Inter Milan president Erick Thohir has denied his club are set to announce a €90 million loss for the last year, while laying out plans to modernise the San Siro and make it the Nerazzurri's own stadium.
The Indonesian investor, who was in Milan this month for a series of meetings with Inter's managerial staff, rejected the claims over the club's finances that had appeared in the Italian media, telling Sky: "It's not true.
"I've seen these reports and I don't understand where that figure has come from. It's going to be interesting when the actual figure is announced in a month's time at our board meeting.
"At the moment, our EBITDA, which is the indication of profitability, is turning increasingly positive. Our income has risen by €10m and ticket sales are also excellent. TV revenue is good, but still far from how it is in England. We need to do more to get a greater visibility for the whole of Serie A in Asia and in the United States."
Thohir also said he wants to press ahead with the club's plans to modernise their stadium and become the sole tenants in the near future.
AC Milan have recently shelved plans to build a new stadium in the city, saying they are "in love" with the San Siro.
Thohir, though, hopes that Milan's move away from their shared home will still go ahead, saying he has been "working on a project for the San Siro for the past nine months" and is "ready to invest €150m into the stadium."
"We perceive having the San Siro as our own home," Thohir added. "I don't have any comment for what has happened with Milan, it's just something we've read in the papers. Our management will meet with theirs to understand what they want.
"I respect [Milan's general managers] Barbara [Berlusconi] and [Adriano] Galliani and we want to listen seriously to what they have to say, but then the decision is theirs. We want to have our own home; the fans want their own home and we are serious.

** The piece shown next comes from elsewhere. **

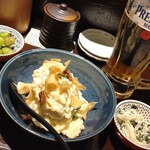 地酒喝采 かも蔵 -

We've been serious about it for a year now -- very serious."
Milan and Inter are both tenants at the city-owned San Siro, while both clubs have invested large sums in the venue to bring it up to the standards desired by UEFA for May's Champions League final.
The changes that have already been made -- such as the creation of a new entrance to the field and English-stadium style benches cut into the main stand -- have impressed Milan president Silvio Berlusconi so much that he is now keen on staying there rather than building a new stadium on land the Rossoneri have acquired close to their new headquarters.